En Egipto se extraía principalmente de lugares como el Wadi el-Natrun, un valle desértico situado al noroeste de El Cairo, famoso desde la Antigüedad por sus lagos salinos. Allí, bajo el sol abrasador, la evaporación dejaba costras cristalinas de natrón listas para ser recogidas. Pero aunque el natrón era un mineral relativamente accesible, su aplicación en la momificación no estaba al alcance de cualquiera.
Un conocimiento reservado a unos pocos
El poder del natrón era tal que los egipcios le atribuyeron connotaciones mágicas: era visto como un mineral purificador, capaz de limpiar tanto el cuerpo como el alma. La preparación de una momia seguía un complejo ritual religioso y técnico, dominado solo por sacerdotes especializados. El “secreto” de la momificación no estaba en la existencia del mineral, conocido y accesible a todos, sino en el conocimiento técnico y religioso de cómo usarlo. La momificación era una disciplina sagrada custodiada por los embalsamadores: no se trataba simplemente de cubrir el cuerpo con sales, sino de conocer las proporciones adecuadas, el tiempo de exposición y los pasos concretos.
Los embalsamadores rellenaban el interior del cadáver con lino, arena y resinas, lo que evitaba que el cuerpo se deformara mientras se secaba y ayudaba a que el natrón absorbiera los líquidos de forma uniforme. Pasados 40 días, se retiraba el natrón y se verificaba que no quedaran restos de humedad.
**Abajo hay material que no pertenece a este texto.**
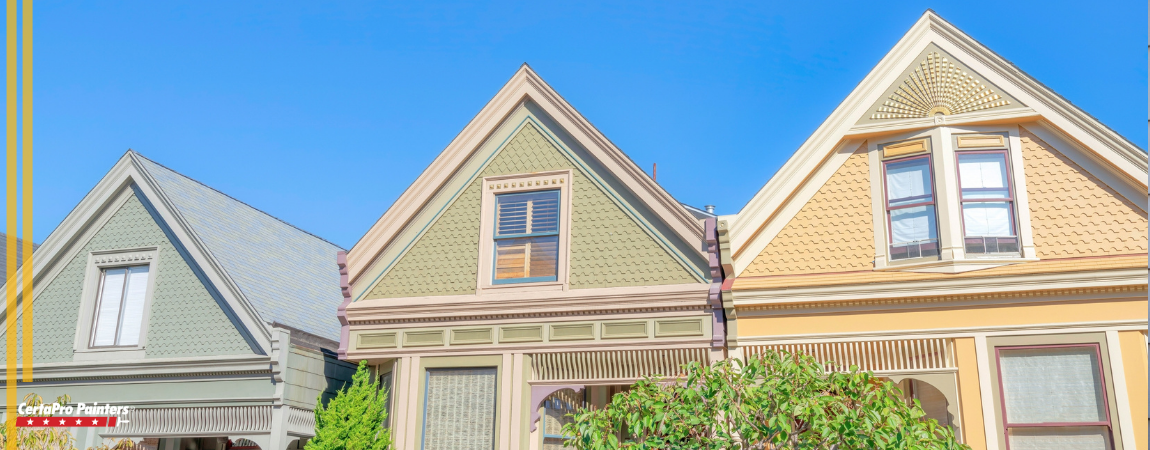 Homes with green, blue, and yellow exteriors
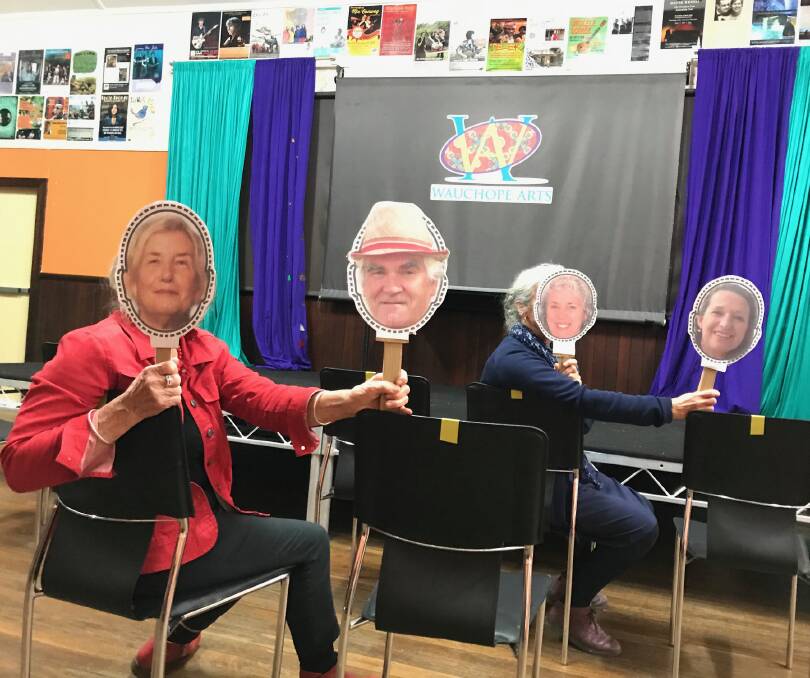 Creative concept: Krissa Wilkinson holds up cutouts of herself and Michael Eddie, and Susan Ashton holds up cutouts of herself and Jan Dennis to promote the fundraiser. Photo: Jan Dennis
El cadáver se lavaba otra vez y se aplicaban aceites perfumados para devolver cierta flexibilidad a la piel y darle un aspecto más humano. Finalmente, el difunto era envuelto con tiras de lino y entre capa y capa se añadían amuletos y resinas aromáticas que servían de pegamento y también se creía que aportaban una protección espiritual al difunto.
El proceso completo quedaba reservado a las élites, ya que requería grandes cantidades de natrón y esto elevaba el precio. La gente común podía recibir tratamientos más sencillos, a veces con menos natrón o con sustitutos más baratos, que a largo plazo no ofrecían los mismos resultados. Así pues, ni siquiera tras la muerte eran todos iguales: la inmortalidad en su mejor versión estaba reservada a quienes podían pagar por ella.